▶ [Work to complete]:
Everything from the line that contains "ModCloth Harlyn Retro" to the final line of the data, both ends included, must be set down exactly, apart from the pictures.

▶ [Listed records]:
▬▬▬▬▬▬
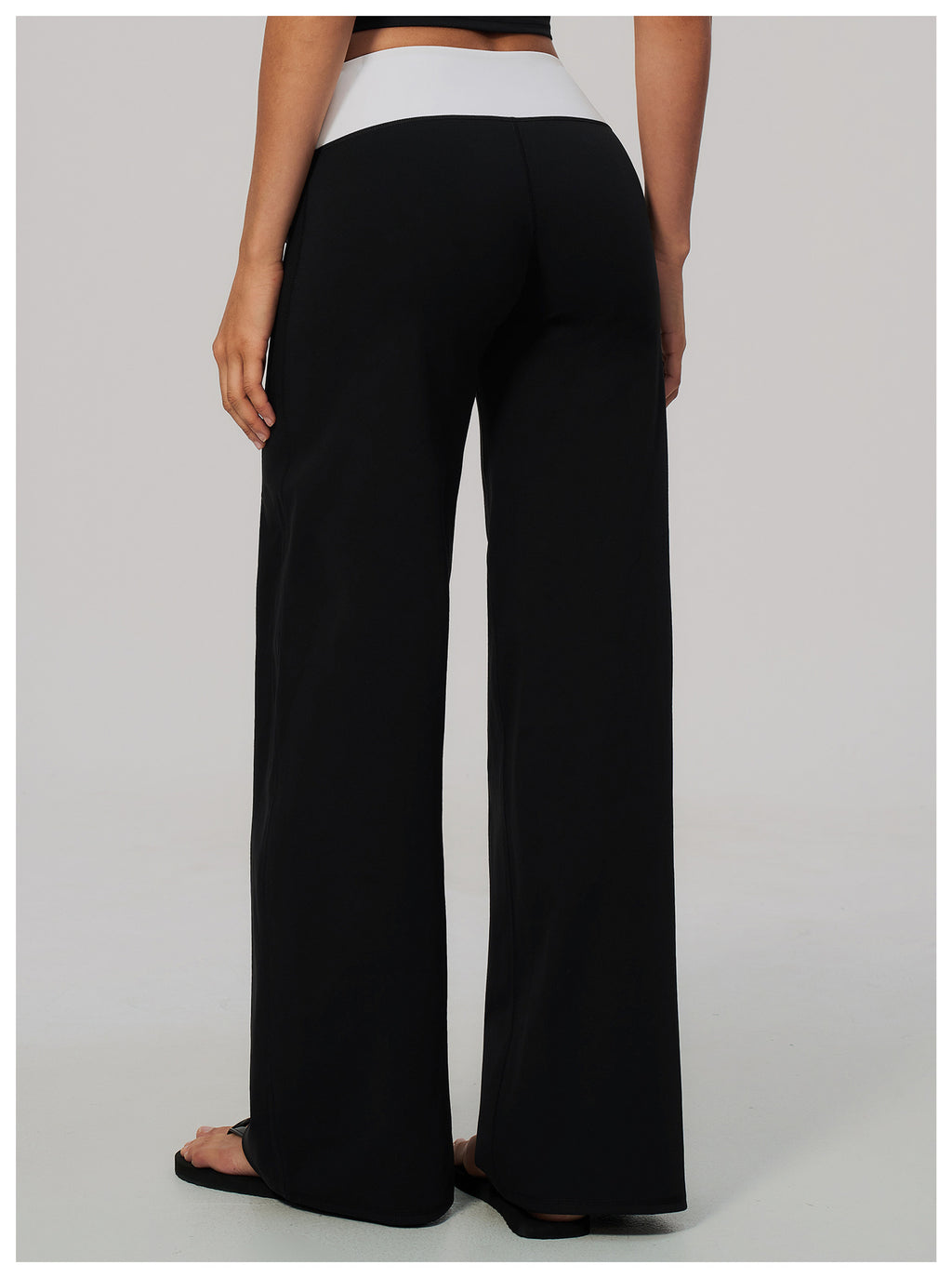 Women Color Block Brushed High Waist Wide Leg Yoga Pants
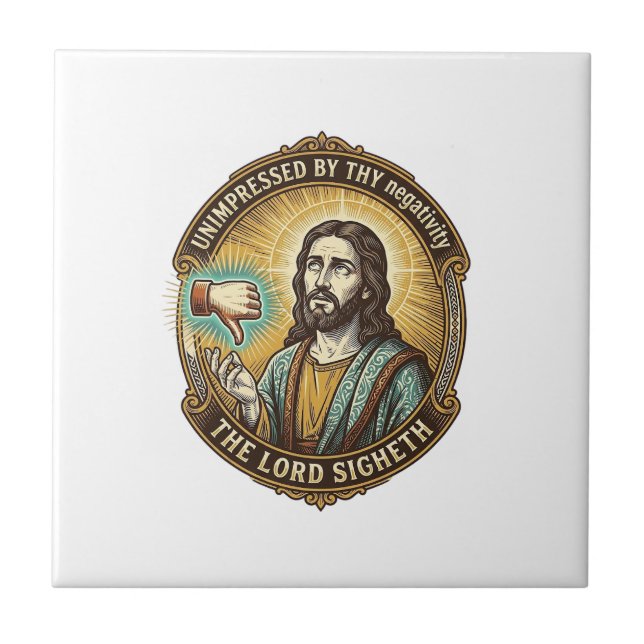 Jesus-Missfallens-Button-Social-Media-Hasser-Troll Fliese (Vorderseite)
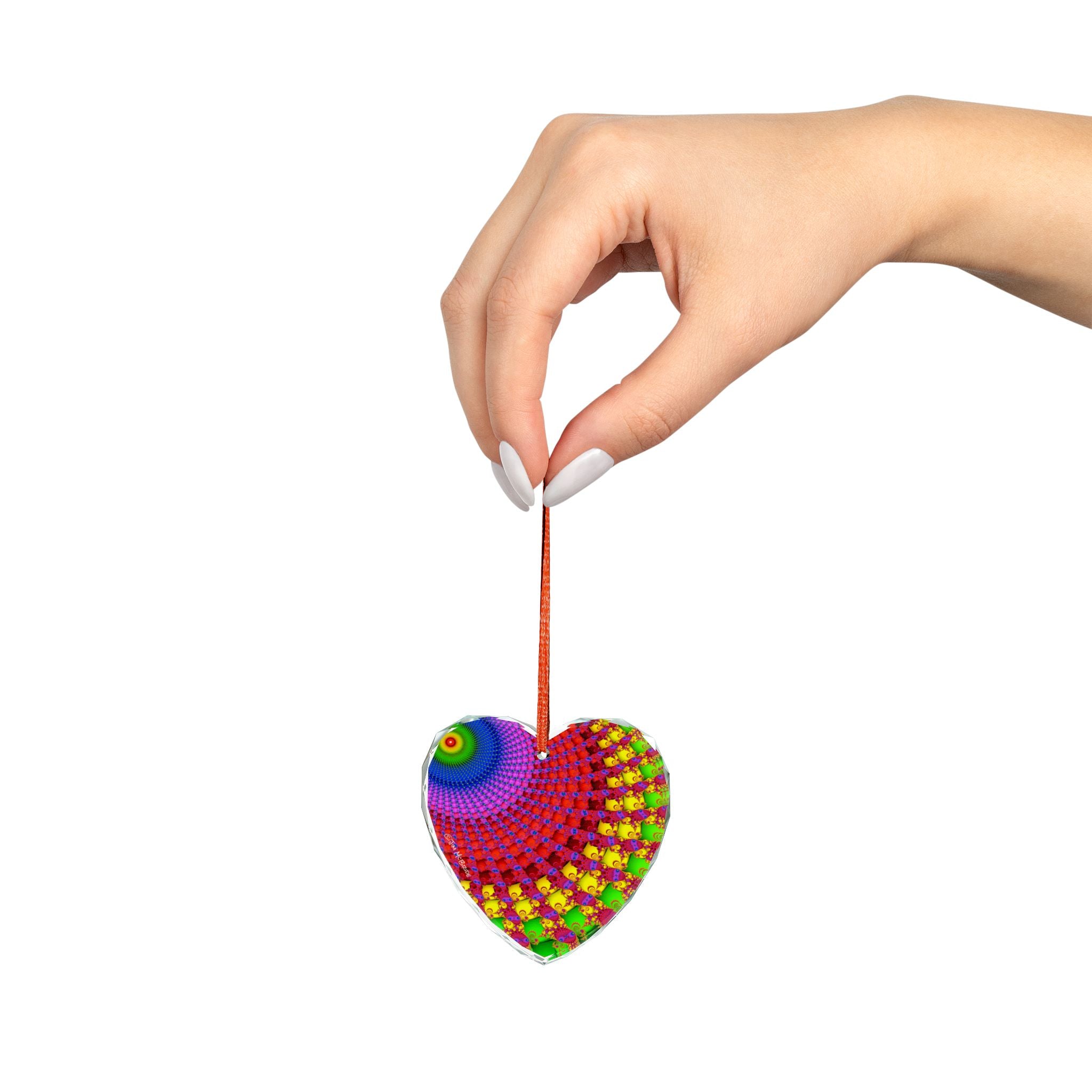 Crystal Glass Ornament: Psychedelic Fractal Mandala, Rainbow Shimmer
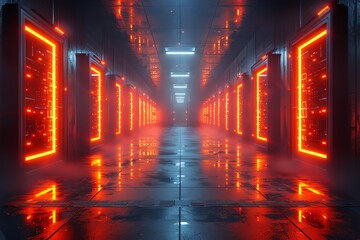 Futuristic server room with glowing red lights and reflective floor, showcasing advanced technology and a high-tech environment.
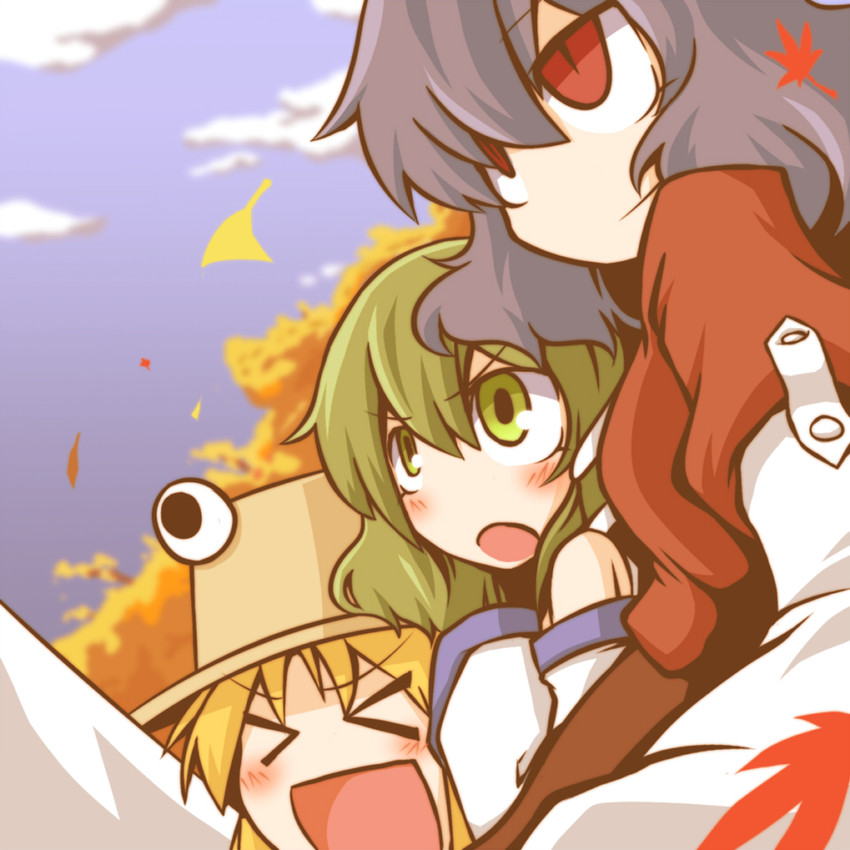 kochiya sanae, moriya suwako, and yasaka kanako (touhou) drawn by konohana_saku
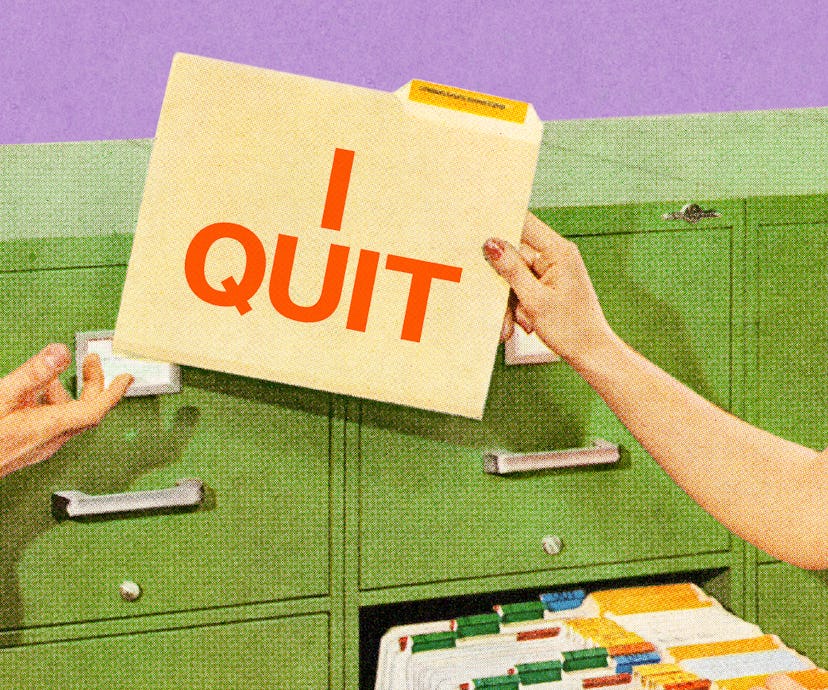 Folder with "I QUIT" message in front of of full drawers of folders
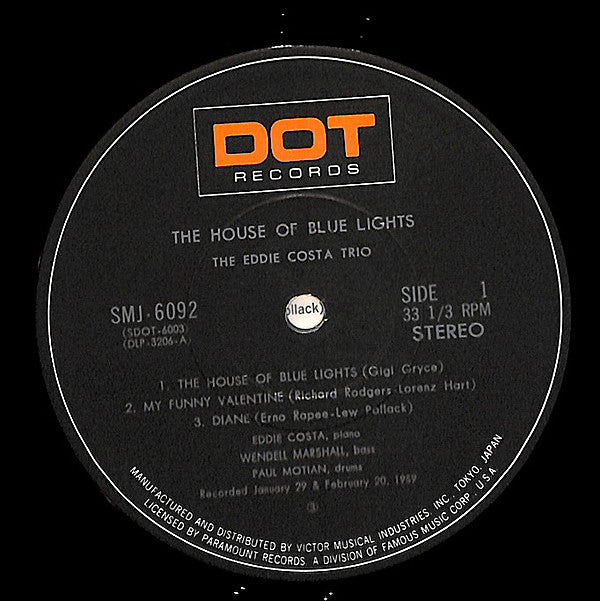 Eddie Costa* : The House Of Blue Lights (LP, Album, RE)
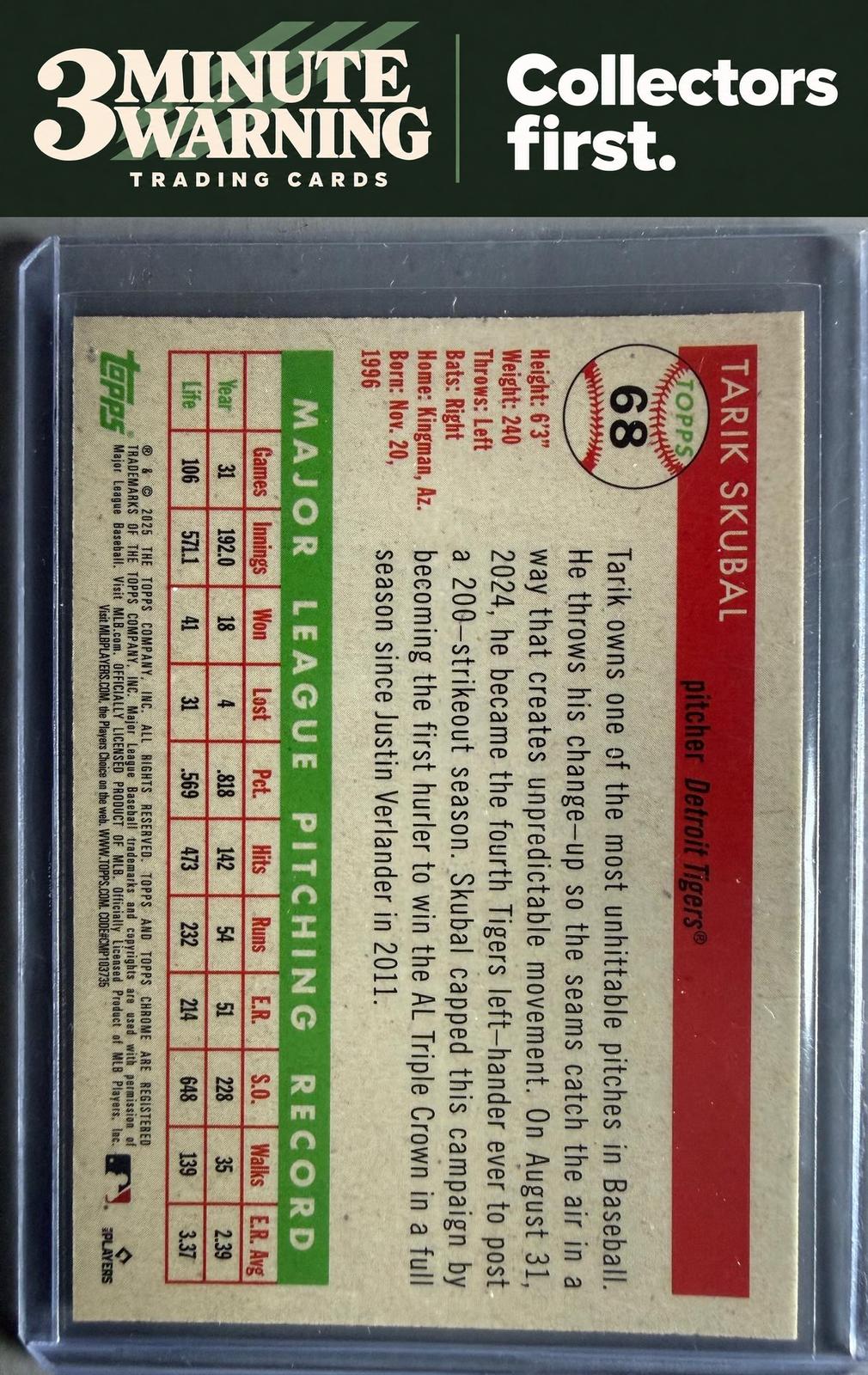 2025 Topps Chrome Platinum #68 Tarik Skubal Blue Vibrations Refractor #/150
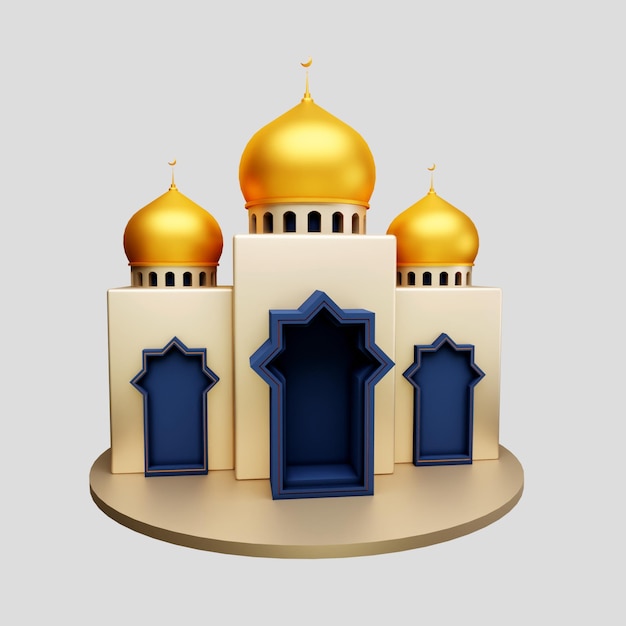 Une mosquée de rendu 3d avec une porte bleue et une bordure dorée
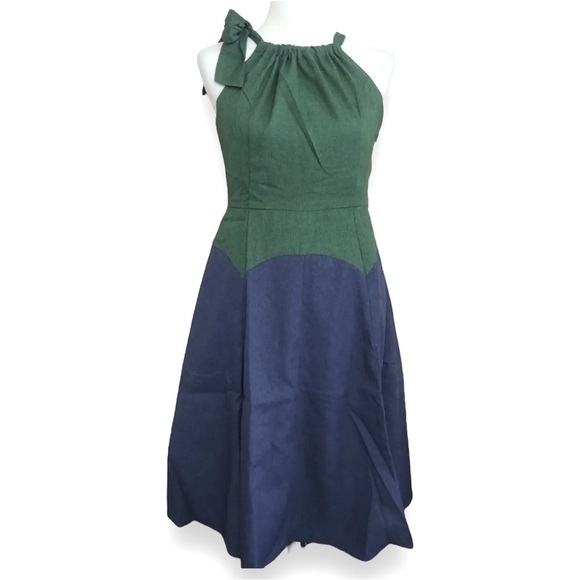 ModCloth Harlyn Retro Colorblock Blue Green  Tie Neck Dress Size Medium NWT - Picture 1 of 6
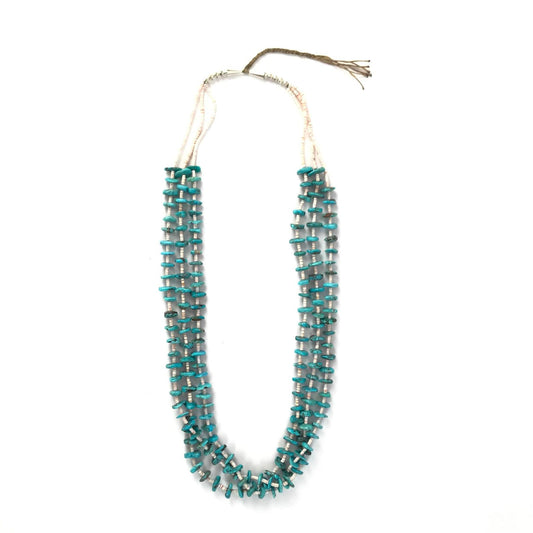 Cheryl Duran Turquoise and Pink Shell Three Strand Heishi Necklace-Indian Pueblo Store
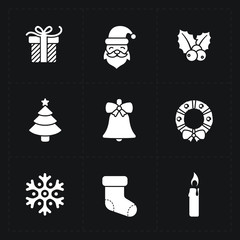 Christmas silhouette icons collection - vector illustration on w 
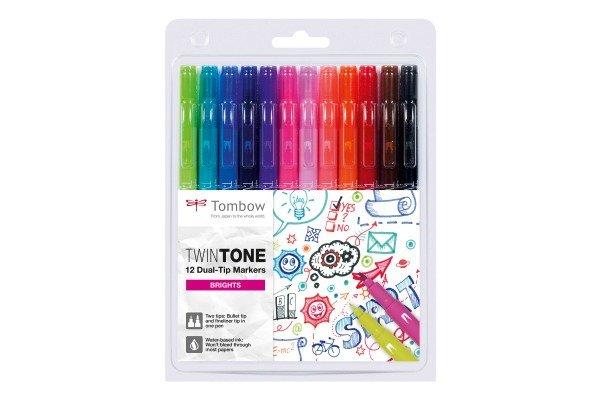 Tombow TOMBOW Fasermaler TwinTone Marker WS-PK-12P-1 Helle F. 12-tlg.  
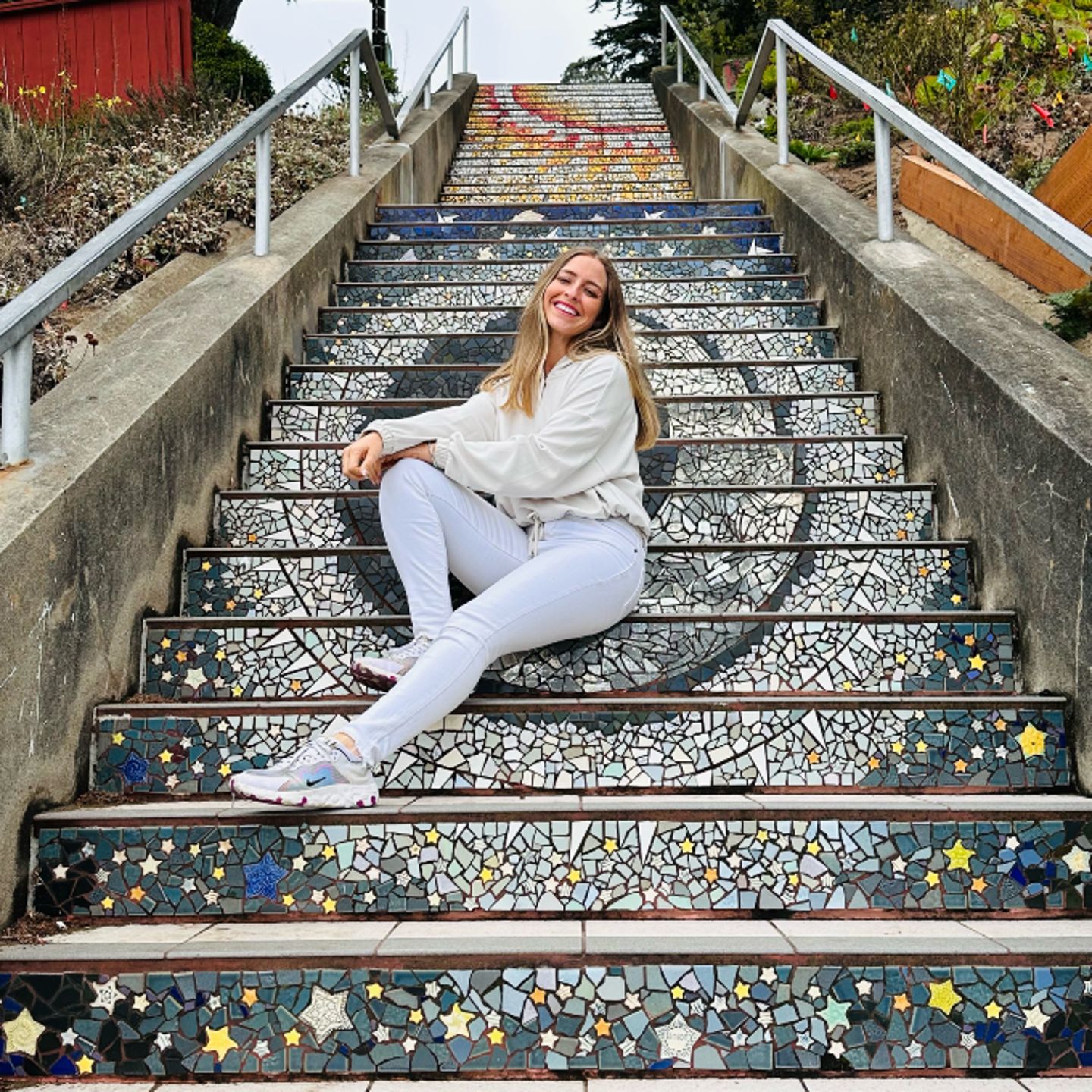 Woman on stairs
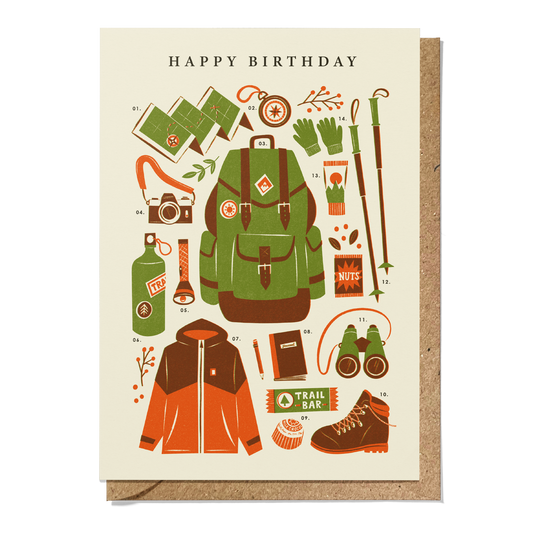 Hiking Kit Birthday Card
▬▬▬▬▬▬
▶ [Task solution]:
 ModCloth Harlyn Retro Colorblock Blue Green  Tie Neck Dress Size Medium NWT - Picture 1 of 6
 Cheryl Duran Turquoise and Pink Shell Three Strand Heishi Necklace-Indian Pueblo Store
 Christmas silhouette icons collection - vector illustration on w 
 Tombow TOMBOW Fasermaler TwinTone Marker WS-PK-12P-1 Helle F. 12-tlg.  
 Woman on stairs
 Hiking Kit Birthday Card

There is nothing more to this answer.